Your task:
From top to bottom, print the listing word for word and skip any pictures it contains.

Exercise data:
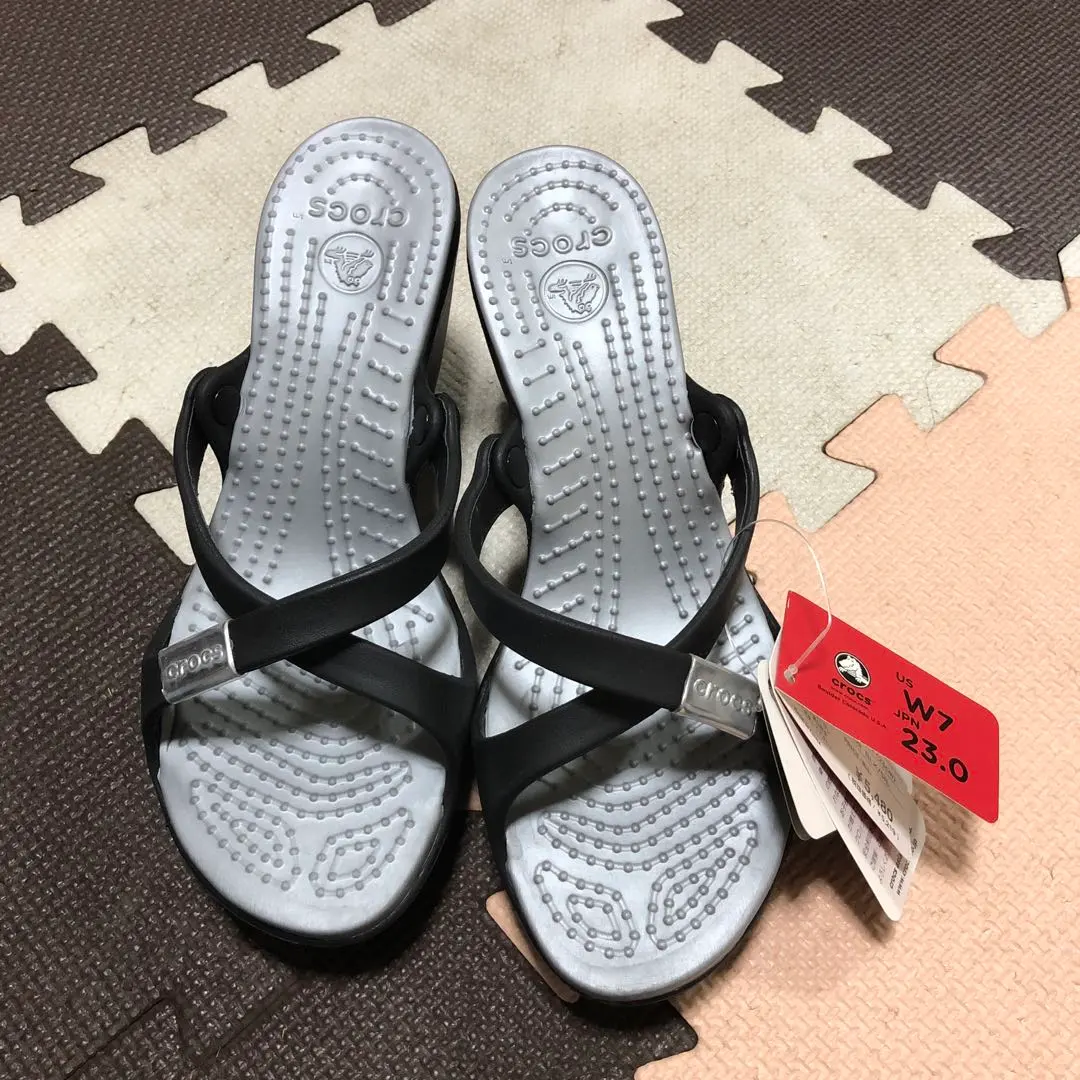 2026年最新】クロックス サイプラスの人気アイテム - メルカリ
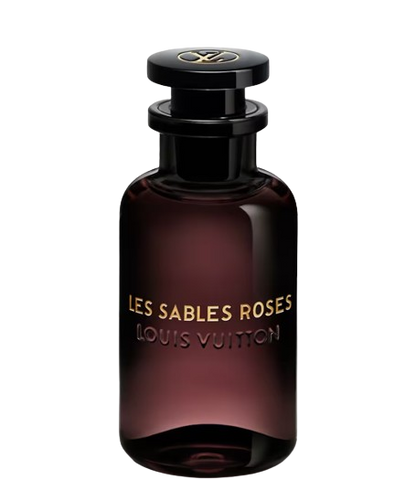 Louis Vuitton Les Sables Roses - Eau de Parfum - Perfume Samples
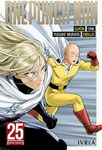 One Punch-Man nº25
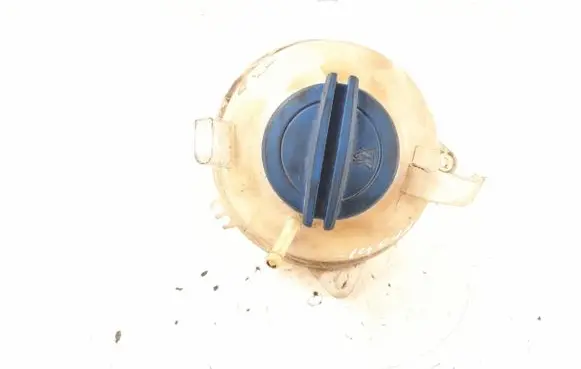 Volkswagen New Beetle Coolant expansion tank/reservoir 1C0121407F 1C0121407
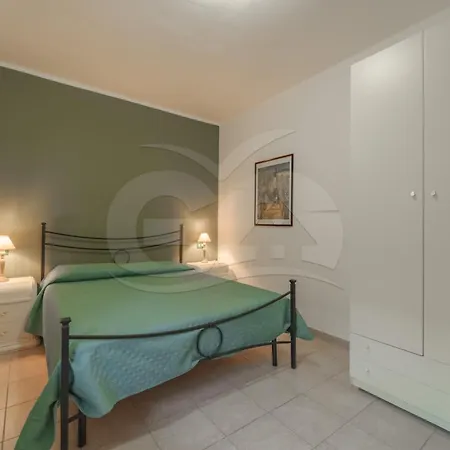 La Palazzina Nel - Goelba Maison d'hôtes 3*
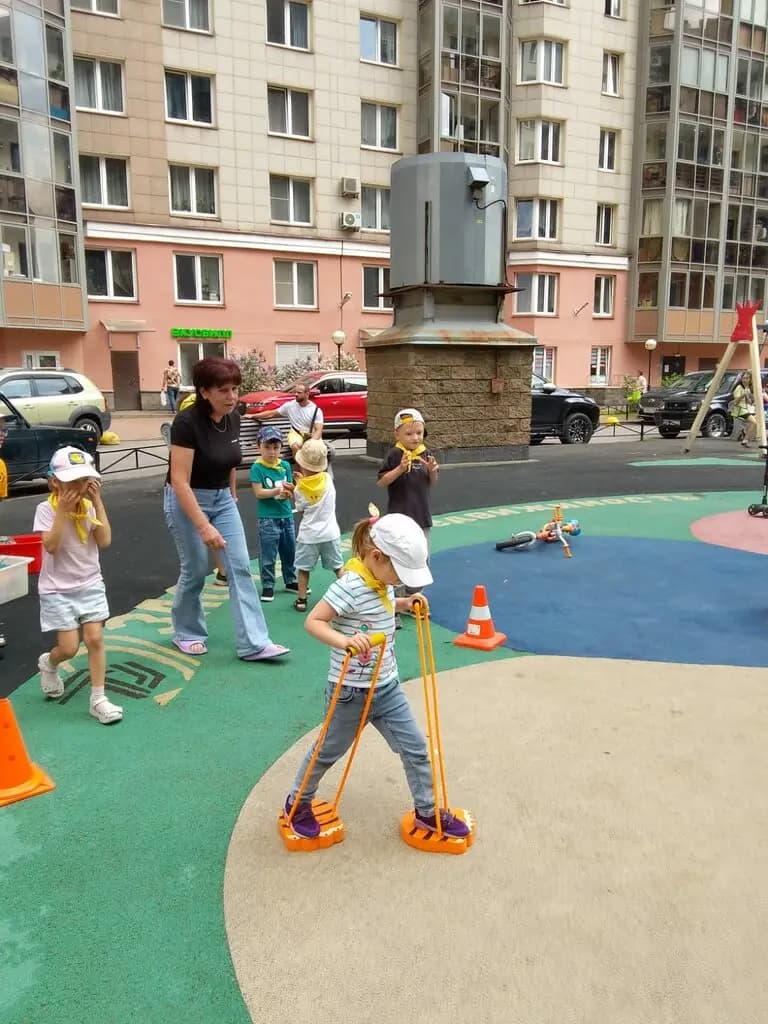 Учимся & Играем — фото 6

Result:
 2026年最新】クロックス サイプラスの人気アイテム - メルカリ
 Louis Vuitton Les Sables Roses - Eau de Parfum - Perfume Samples
 One Punch-Man nº25
 Volkswagen New Beetle Coolant expansion tank/reservoir 1C0121407F 1C0121407
 La Palazzina Nel - Goelba Maison d'hôtes 3*
 Учимся & Играем — фото 6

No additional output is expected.